How to complete this task:
Starting with the line in which "Trường THPT Chuyên" appears, give back every line exactly as written until the listing ends, excluding pictures.

Data shown:

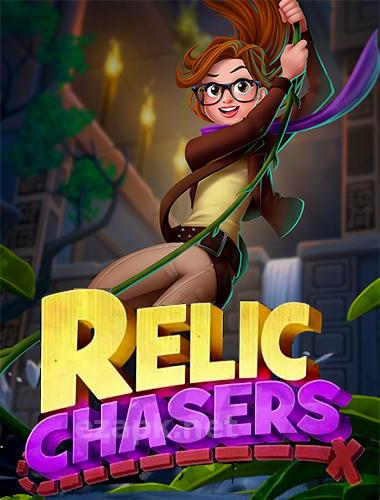 Relic chasers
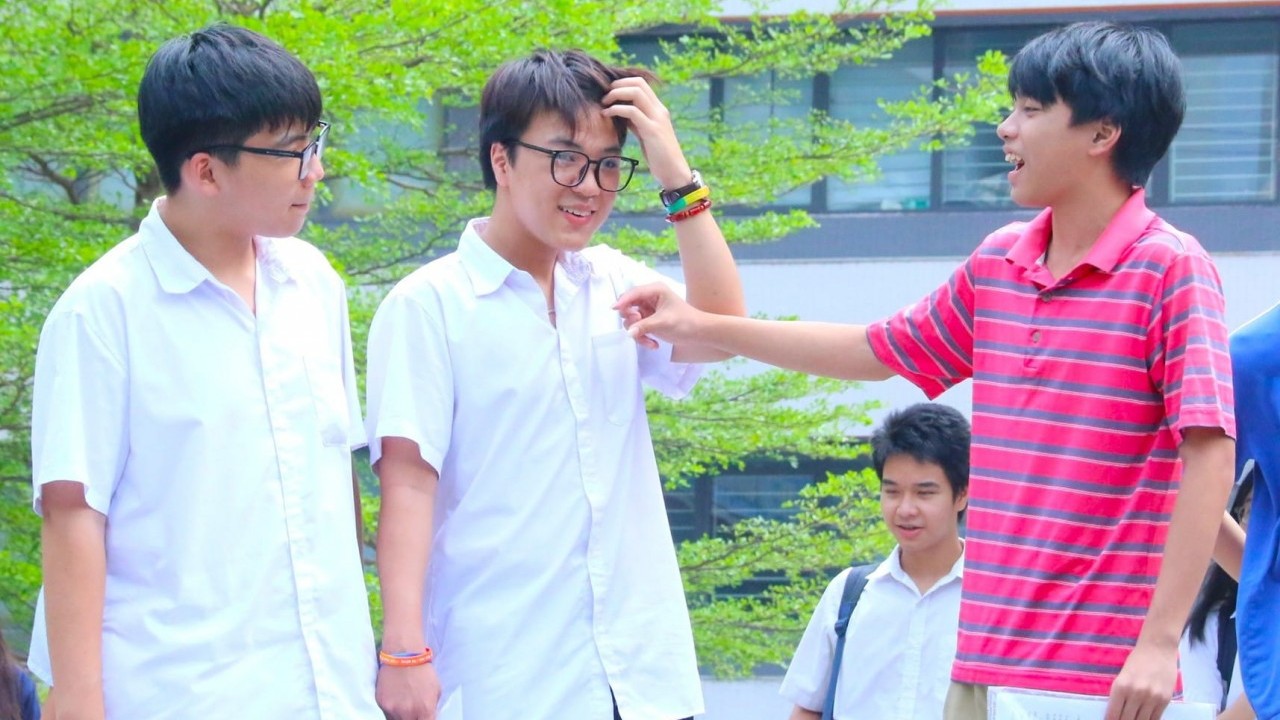 Trường THPT Chuyên Khoa học Xã hội và Nhân văn Hà Nội công bố điểm chuẩn lớp 10 năm 2026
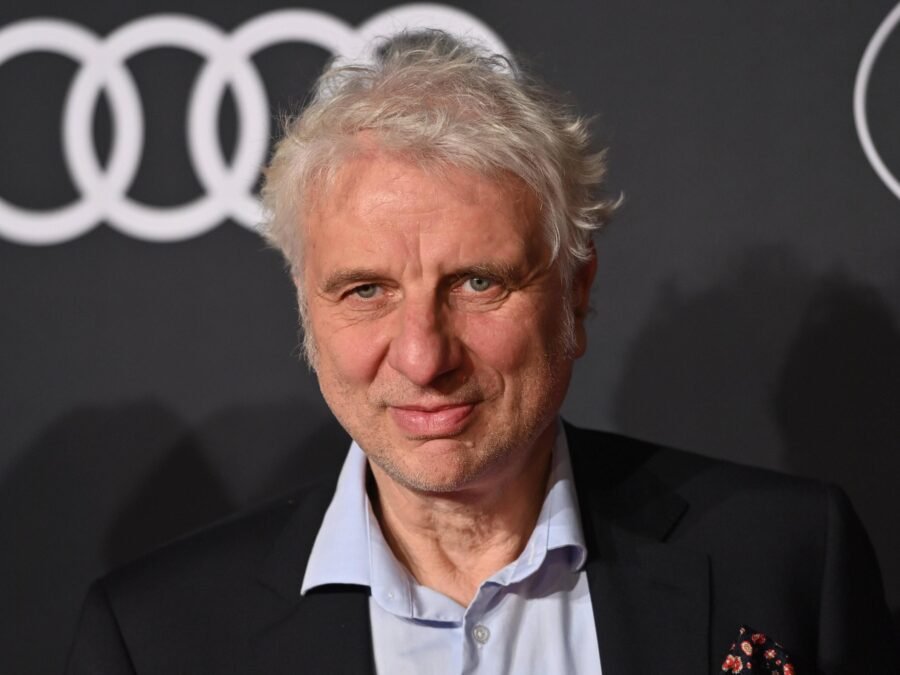 Udo Wachtveitl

Task response:
 Trường THPT Chuyên Khoa học Xã hội và Nhân văn Hà Nội công bố điểm chuẩn lớp 10 năm 2026
 Udo Wachtveitl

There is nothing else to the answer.